Approval to a CE standard tells you one thing about an item of PPE: that it has met the minimum performance requirements for the relevant standard under controlled laboratory conditions.

But just meeting the standard is not enough and using the standards in place of a full risk assessment can jeopardize the health and safety of your workers.

For instance, EN 13982 (Type 5 clothing) specifies the minimum requirements for chemical protective clothing resistant to penetration by airborne solid particles.
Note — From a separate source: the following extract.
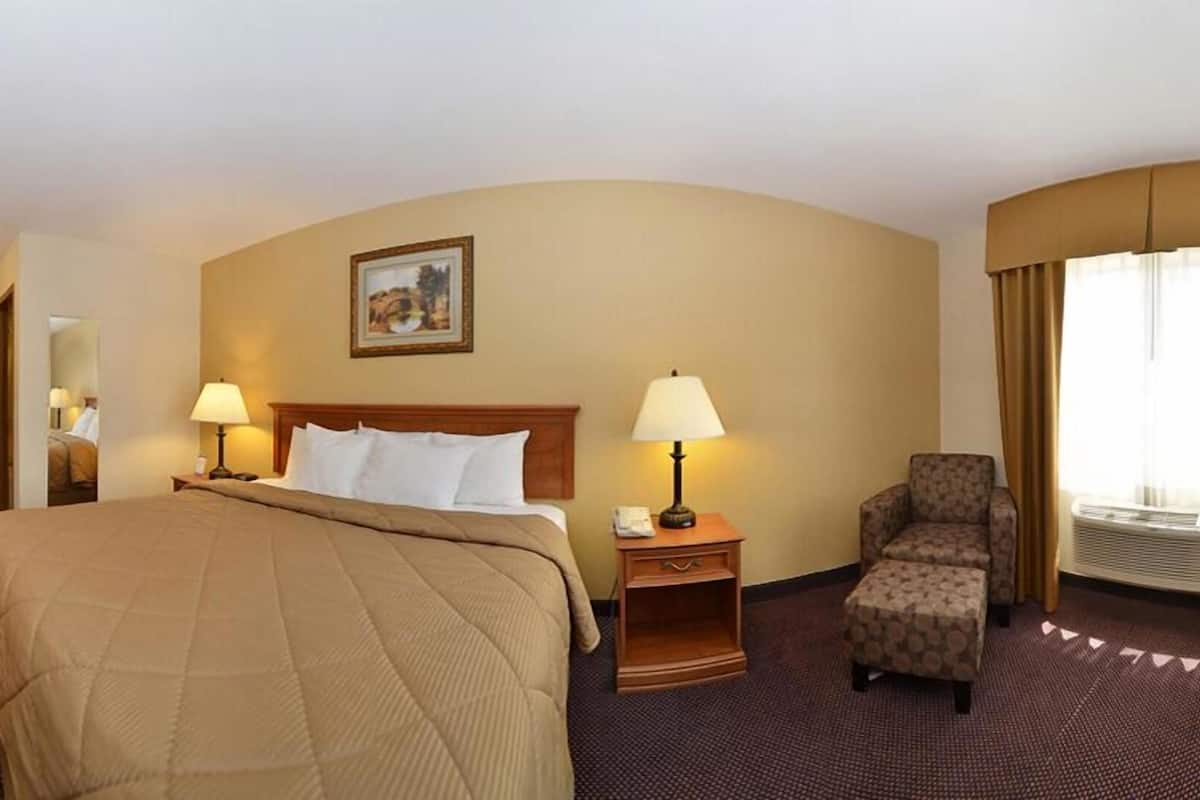 A hotel room with a large bed, two bedside tables with lamps, a chair, and a painting on the wall.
However, few users recognize that like most standards it states that it “specifies the minimum requirements” so a garment may only provide the minimum level of protection.
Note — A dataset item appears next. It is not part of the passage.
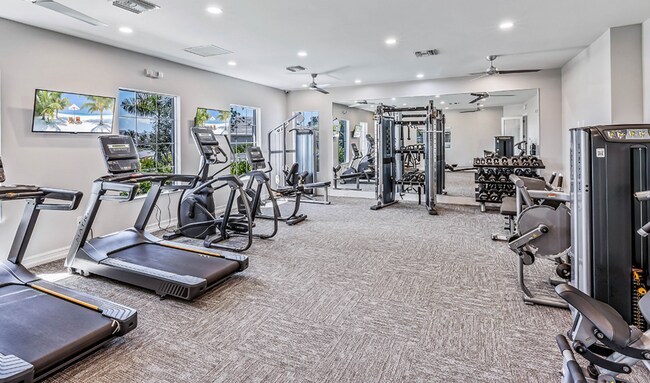Building Photo - Live the Southwest Florida lifestyle in this lakefront villa in South Naples!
In fact, the Type 5 standards not only states that it defines minimum requirements, its introduction states that some dust protective applications – where dust is highly dangerous or in high concentrations – a much higher level of protection, including a gas-tight suit, might be needed”. How many users of PPE certified to this standard are aware of this?”

Unfortunately, many assume that because an item of PPE is certified to a chemical safety standard (in this instance, EN 13982), it is therefore suitable for all the applications to which it is relevant. You need to understand the standards!

In truth, a poorly understood or misinterpreted standard may be a hazard in itself, and as standards become more complex, there is even less likelihood that they will be read and understood correctly by safety managers.

Applications vary enormously, and the ‘minimum’ protection is often not enough

The CE tests themselves have a number of limitations, particularly as they are conducted in controlled laboratory conditions. For any environment other than the “controlled laboratory”, the level of protection afforded may be drastically different.

To add further complication, the tests themselves are not as repeatable or as accurate as we would like to think: the CE standard might outline the testing process, but there may be differences in the detail of how those tests are carried out by testing houses and minor variations in conditions not addressed by test standards (e.g. atmospheric pressure on the day, variations in wearer sizes).

For example, a crawl test – in which the wearer crawls along the floor whilst wearing PPE – might be completed using different materials, one testing house might use carpet whilst the other uses ceramic tile. The carpet would result in abrasion on the knees, compromising the garment, whereas the tile is smooth and there would be no damage to the garment.

While both testing houses may conduct the same test, the results can be vastly different.

Ultimately, using the standards to determine if an item of PPE is suitable for your application just doesn’t work across the board.

It is for this reason that manufacturers’ User Instructions for PPE invariably include a line such as “It is always the users’ final responsibility to ensure PPE is suitable for their specific application”. Simply because neither the manufacturer nor the relevant standard can possibly anticipate all the circumstances and environmental conditions in which their PPE might be used.

 

The key point is therefore, make sure you conduct a PPE risk assessment to identify specific needs. Look beyond the standards and chemical safety regulations.

Addressing multiple risks

Finally, the last issue with CE standards is that they work in isolation and treat risks as unique, but in the real world, applications often deal with two or more risks at the same time.

Separate standards address chemical protection, heat hazards, fall protection, hearing protection and so on – but workers often experience many of these at the same time.

To mitigate this, most safety managers acquire different items of PPE to extend protection to other parts of the body or to provide different types of protection to the same parts of the body.

Its not an easy task and often different items of PPE working together can compromise the suits overall protective capability – for example, wearing standard chemical suits over flame retardant (FR) workwear. This creates a hazard because standard chemical suits are made of thermoplastic polymers and when they come into contact with flames, they will ignite, burn and drip molten debris onto the FR workwear beneath.

Other examples include wearing both a safety helmet and a coverall hood together… does this work? Does the hood go over the helmet or vice-versa? And how do you ensure a seal between chemical suit sleeves and gloves?

 

To recap, before selecting chemical suits for your workers ask yourself:

1. Have you completed a risk assessment?

The standards establish minimum performance requirements and should not be used as a single benchmark for any kind of PPE selection.

2. Have you considered multi-hazard environments?

As the tests for CE approved garments are conducted in isolation and against hazards in a sequential fashion, you cannot assume that the protection they offer will be suitable for your multi-hazard work environment.

3. Have you read between the lines of the regulation?

You need to look beyond the standards and chemical safety regulations and understand the detail of what the standard is actually telling you to make the right PPE selection.